*** TASK DATA ***

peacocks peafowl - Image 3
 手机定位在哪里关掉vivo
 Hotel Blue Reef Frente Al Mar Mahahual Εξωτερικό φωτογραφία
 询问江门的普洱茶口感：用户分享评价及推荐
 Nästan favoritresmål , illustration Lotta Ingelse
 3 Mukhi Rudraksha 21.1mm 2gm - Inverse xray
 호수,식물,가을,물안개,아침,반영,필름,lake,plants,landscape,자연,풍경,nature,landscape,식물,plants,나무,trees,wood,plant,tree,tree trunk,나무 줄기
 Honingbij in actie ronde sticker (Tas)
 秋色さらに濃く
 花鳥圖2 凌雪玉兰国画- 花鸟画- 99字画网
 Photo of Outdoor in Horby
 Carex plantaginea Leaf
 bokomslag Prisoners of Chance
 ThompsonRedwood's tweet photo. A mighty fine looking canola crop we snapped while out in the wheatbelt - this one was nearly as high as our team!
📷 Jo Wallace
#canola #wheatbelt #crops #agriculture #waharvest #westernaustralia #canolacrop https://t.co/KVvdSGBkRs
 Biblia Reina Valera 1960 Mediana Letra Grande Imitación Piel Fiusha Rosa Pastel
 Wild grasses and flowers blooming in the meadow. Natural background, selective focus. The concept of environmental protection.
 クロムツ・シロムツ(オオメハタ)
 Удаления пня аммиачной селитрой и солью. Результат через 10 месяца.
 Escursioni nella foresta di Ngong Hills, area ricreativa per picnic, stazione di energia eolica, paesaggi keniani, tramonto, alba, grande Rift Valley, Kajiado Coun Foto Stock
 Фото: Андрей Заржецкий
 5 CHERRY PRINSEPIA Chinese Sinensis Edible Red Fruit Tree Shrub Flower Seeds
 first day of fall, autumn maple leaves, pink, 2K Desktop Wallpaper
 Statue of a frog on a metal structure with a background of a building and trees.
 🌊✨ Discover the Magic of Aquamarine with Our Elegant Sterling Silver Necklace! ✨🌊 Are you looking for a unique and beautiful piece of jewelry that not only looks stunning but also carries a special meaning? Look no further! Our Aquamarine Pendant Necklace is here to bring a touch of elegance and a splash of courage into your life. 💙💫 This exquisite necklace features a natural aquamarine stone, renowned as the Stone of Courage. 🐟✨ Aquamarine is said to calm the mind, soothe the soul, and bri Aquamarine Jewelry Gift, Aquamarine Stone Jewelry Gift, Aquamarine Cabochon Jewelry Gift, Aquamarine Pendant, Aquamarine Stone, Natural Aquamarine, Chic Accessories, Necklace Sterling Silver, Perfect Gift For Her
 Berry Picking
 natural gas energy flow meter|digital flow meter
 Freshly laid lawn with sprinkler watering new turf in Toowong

*** End of TASK DATA ***

• **AIM OF THE TASK**
Transcribe every entry exactly.

• **WRITTEN REPLY**
peacocks peafowl - Image 3
 手机定位在哪里关掉vivo
 Hotel Blue Reef Frente Al Mar Mahahual Εξωτερικό φωτογραφία
 询问江门的普洱茶口感：用户分享评价及推荐
 Nästan favoritresmål , illustration Lotta Ingelse
 3 Mukhi Rudraksha 21.1mm 2gm - Inverse xray
 호수,식물,가을,물안개,아침,반영,필름,lake,plants,landscape,자연,풍경,nature,landscape,식물,plants,나무,trees,wood,plant,tree,tree trunk,나무 줄기
 Honingbij in actie ronde sticker (Tas)
 秋色さらに濃く
 花鳥圖2 凌雪玉兰国画- 花鸟画- 99字画网
 Photo of Outdoor in Horby
 Carex plantaginea Leaf
 bokomslag Prisoners of Chance
 ThompsonRedwood's tweet photo. A mighty fine looking canola crop we snapped while out in the wheatbelt - this one was nearly as high as our team!
📷 Jo Wallace
#canola #wheatbelt #crops #agriculture #waharvest #westernaustralia #canolacrop https://t.co/KVvdSGBkRs
 Biblia Reina Valera 1960 Mediana Letra Grande Imitación Piel Fiusha Rosa Pastel
 Wild grasses and flowers blooming in the meadow. Natural background, selective focus. The concept of environmental protection.
 クロムツ・シロムツ(オオメハタ)
 Удаления пня аммиачной селитрой и солью. Результат через 10 месяца.
 Escursioni nella foresta di Ngong Hills, area ricreativa per picnic, stazione di energia eolica, paesaggi keniani, tramonto, alba, grande Rift Valley, Kajiado Coun Foto Stock
 Фото: Андрей Заржецкий
 5 CHERRY PRINSEPIA Chinese Sinensis Edible Red Fruit Tree Shrub Flower Seeds
 first day of fall, autumn maple leaves, pink, 2K Desktop Wallpaper
 Statue of a frog on a metal structure with a background of a building and trees.
 🌊✨ Discover the Magic of Aquamarine with Our Elegant Sterling Silver Necklace! ✨🌊 Are you looking for a unique and beautiful piece of jewelry that not only looks stunning but also carries a special meaning? Look no further! Our Aquamarine Pendant Necklace is here to bring a touch of elegance and a splash of courage into your life. 💙💫 This exquisite necklace features a natural aquamarine stone, renowned as the Stone of Courage. 🐟✨ Aquamarine is said to calm the mind, soothe the soul, and bri Aquamarine Jewelry Gift, Aquamarine Stone Jewelry Gift, Aquamarine Cabochon Jewelry Gift, Aquamarine Pendant, Aquamarine Stone, Natural Aquamarine, Chic Accessories, Necklace Sterling Silver, Perfect Gift For Her
 Berry Picking
 natural gas energy flow meter|digital flow meter
 Freshly laid lawn with sprinkler watering new turf in Toowong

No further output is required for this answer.